If it changes during time severly, we won't be able to predict anything.

The thought just struck me: while parts for education/age/language are distributed normally, we also have bonus point for having both good language and good education and good language and big work exp.
That means, that people having high score recieve more of this bonuses, having their points boosted even more.
So it is really not normal. Maybe log-normal would suffice. Need to investigate further.
 

atmtaatmta

Star Member
Jan 31, 2015
90
7
Re: Statistical estimation of EE enrty, what score @ when

Ok, I'm starting to feel ronery.

0-600 candidates fit into log-normal distribution much better, than in normal.
I tried to analyze score parts (main factors, spouse points, transferability points), but they fit different distributions much worse.
So we should stick to log-normal distribution for overall 0-600 score.
That is lnN(5.9472538, 0.021085201646996)
 

shasha1111

Full Member
Mar 2, 2015
41
3
atmtaatmta said:
Ok, I'm starting to feel ronery.

0-600 candidates fit into log-normal distribution much better, than in normal.
I tried to analyze score parts (main factors, spouse points, transferability points), but they fit different distributions much worse.
So we should stick to log-normal distribution for overall 0-600 score.
That is lnN(5.9472538, 0.021085201646996)
log-normal sounds very exciting!
I do not think segment score into different part at this moment is a good idea. That will only increase the complexity and won't help us get the initial goal.
Poisson is a good choice. However, for simplification, I made increase rate steady. Also, if you try to stand at the some future point and look back, there should be a steady increase in population with a steady number of ppl selected. so the pool won't dry. Therefore, I am thinking that new income rate should be very close to selection rate, also similar to generation alternation rate in Canada. Assume, they won't change this system and use it forever.
 

munnakha05

Star Member
Aug 18, 2014
55
0
Re: Statistical estimation of EE enrty, what score @ when

shasha1111 said:
I updated the modeling method. Now I simulate this problem with Monte Carlo. Link is still the same.
Comments on variables are welcomed!


[size=10pt]Current prediction is once the score is below 600, it takes about 10 months to go under 400. Good luck, guys~[/size]

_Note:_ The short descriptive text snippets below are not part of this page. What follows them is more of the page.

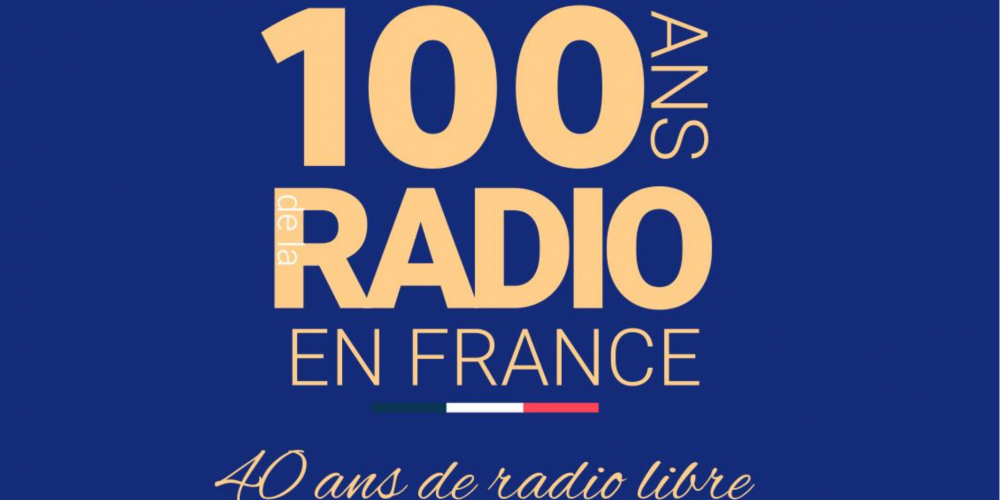 2021 – Parution d’un Collector sur les 100 ans de la Radio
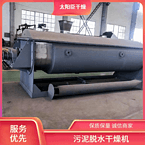 TAYACN Drying Andesite JYG series hollow blade dryer
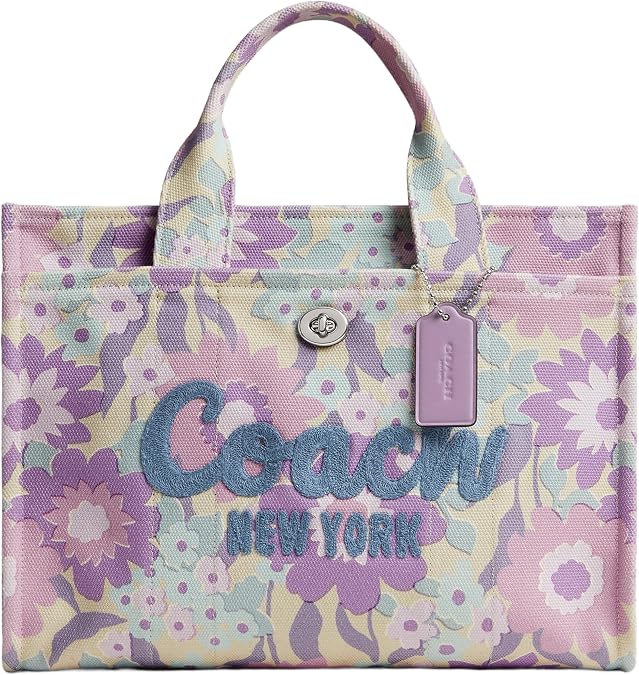 Coach Womens Cargo Tote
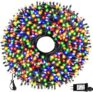 66FT 200LED Christmas Light Outdoor Indoor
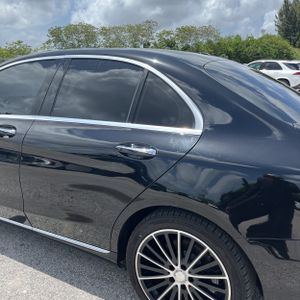 2021 Mercedes-BENZ C-CLASS 照片 6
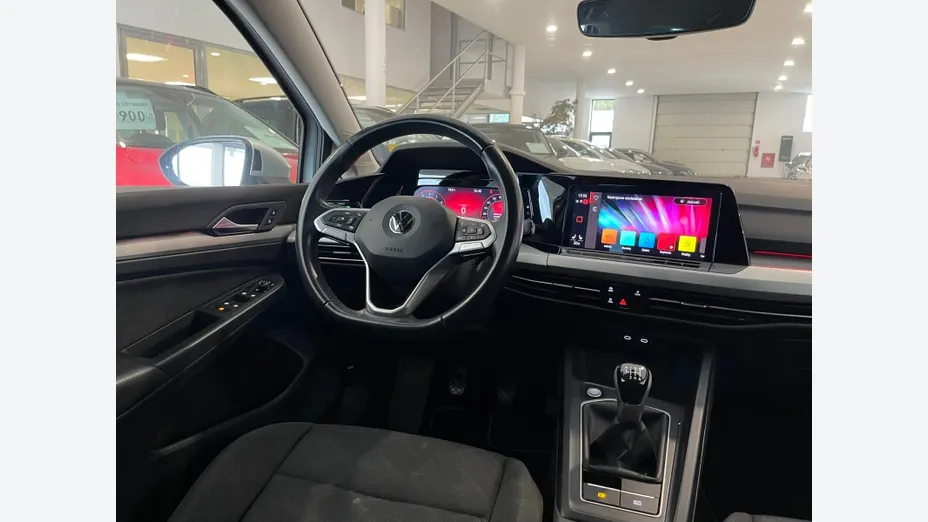 VOLKSWAGEN Golf Golf VIII 1.5 TSI EVO Life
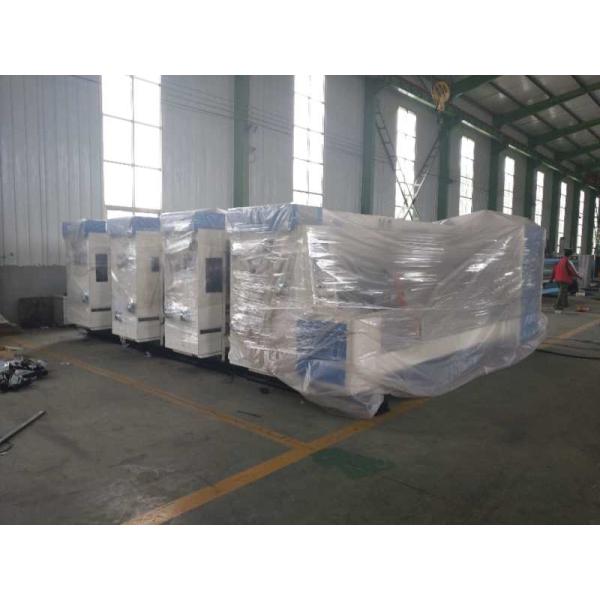 Cardboard Thin Blade Slitter Scorer Machine Auto Locking CE Approved
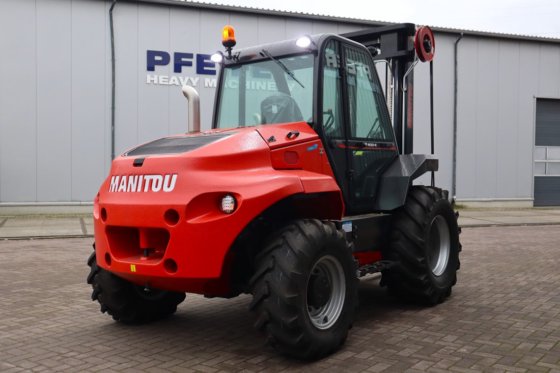 2023 マニトウ M50-4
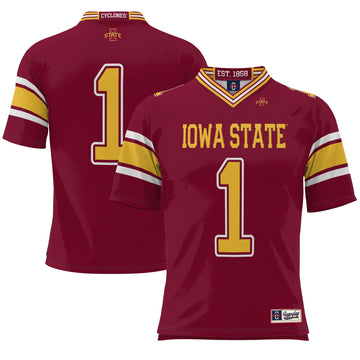 Iowa State Cyclones jersey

I am trying to post a google-doc l-----ink.....but not allowed to...
@ docs.google.com/spreadsheets/d/1o2LU_lsYEykl1UMOkiZF78ds0Q1XTJS1TdfUh8qaA8M/edit?usp=sharing @

The above is its google doc l---ink.
please leave comments so that I can perfect the model and make it close to real.
Data sources are that google spread sheet online[you all know that :)].
I have not built a good enough model yet, considering in my model, the # of ppl in the pool will be 0 after a certain time period. :) But I can always adjust it, based on your suggestions!
Thanks
Have fun...
Nice attempt. Could you please simplify for us with Number of draw and amount of ITA with score breakdown? I know it is just an assumption. Still it will make some sense. Thanks.